In conclusion, this study has provided a comprehensive analysis of the key success factors of the digital economy in mitigating urban carbon emissions. By employing a combination of expert evaluation and DEMATEL-ISM approaches, we have systematically examined the complex relationships among 13 relevant factors across three key dimensions: digital infrastructure and technology applications, digital transformation of industry and the economy, and sustainable development and green city construction. The findings highlight the critical roles of digital infrastructure, e-commerce and logistics optimization, and the circular economy driven by the digital economy in reducing urban carbon emissions. Additionally, the study underscores the importance of smart transportation and digital green buildings in the green transition process.

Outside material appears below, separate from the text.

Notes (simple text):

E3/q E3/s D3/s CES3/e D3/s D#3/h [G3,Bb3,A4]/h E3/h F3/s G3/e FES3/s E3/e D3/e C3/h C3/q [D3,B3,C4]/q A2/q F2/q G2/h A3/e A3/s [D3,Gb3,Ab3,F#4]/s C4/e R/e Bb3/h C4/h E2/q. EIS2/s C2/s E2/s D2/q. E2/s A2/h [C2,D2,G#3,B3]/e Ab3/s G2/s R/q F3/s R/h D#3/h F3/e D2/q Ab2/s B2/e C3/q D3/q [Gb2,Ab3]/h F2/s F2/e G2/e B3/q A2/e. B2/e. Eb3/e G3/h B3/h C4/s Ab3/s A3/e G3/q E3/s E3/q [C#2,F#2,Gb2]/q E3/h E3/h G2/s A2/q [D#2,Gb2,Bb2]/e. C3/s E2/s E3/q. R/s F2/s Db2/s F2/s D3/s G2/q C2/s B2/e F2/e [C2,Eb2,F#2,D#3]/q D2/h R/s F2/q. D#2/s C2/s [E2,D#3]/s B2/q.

This study has several limitations in assessing the key factors associated with the role of the digital economy in mitigating urban carbon emissions. First, while this study’s DE-MATEL-ISM combines both qualitative and quantitative analysis, the accuracy of its results still depends on the subjective judgments of experts. This reliance may introduce bias and uncertainty, particularly in selecting experts and evaluating key factors, where personal experience and cognition can influence the weighting of factors and the determination of causal relationships. Future research could enhance the model’s accuracy by incorporating more data-driven methods, such as big data analysis and machine learning techniques, to minimize the impact of subjective judgment.

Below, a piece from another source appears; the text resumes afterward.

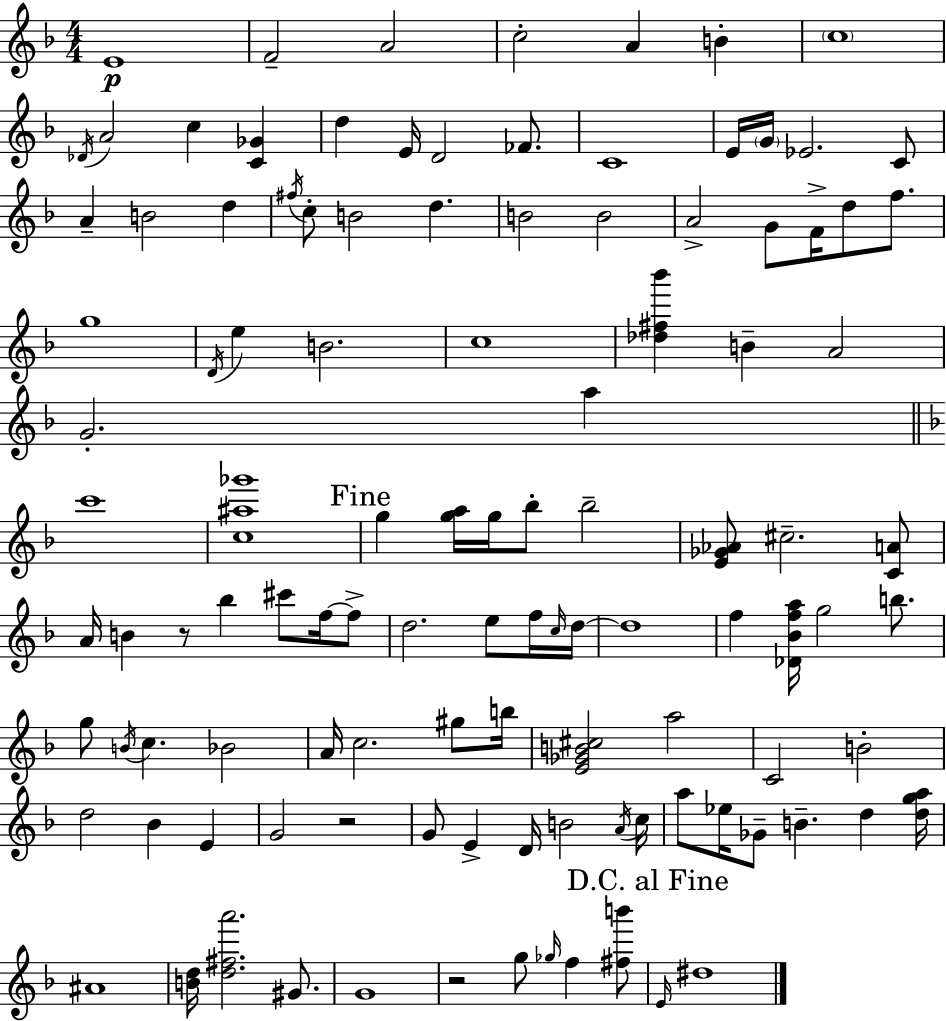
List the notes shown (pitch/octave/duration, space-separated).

Secondly, the relationship between the digital economy and carbon emissions may vary across regions due to differences in economic structures, cultural contexts, and policy frameworks. Therefore, future research should broaden the sample to include a wider range of cities with diverse regional characteristics, thereby improving the generalizability and relevance of the findings.

Additionally, while this study identified and analyzed 13 key factors, future research could further expand the theoretical framework to explore additional factors and their interactions. By applying strategic analysis frameworks such as the political, economic, social, technological, environmental, and legal (PESTEL) or goal, reality, options, and way forward (GROW) approaches, scholars could conduct a comprehensive assessment of the digital economy’s multifaceted contribution to carbon mitigation across various dimensions, including political, economic, social, technological, environmental, and legal aspects. These frameworks would help identify potential driving forces and facilitate the modeling of complex interdependencies between the digital economy and urban environmental, economic, and social elements.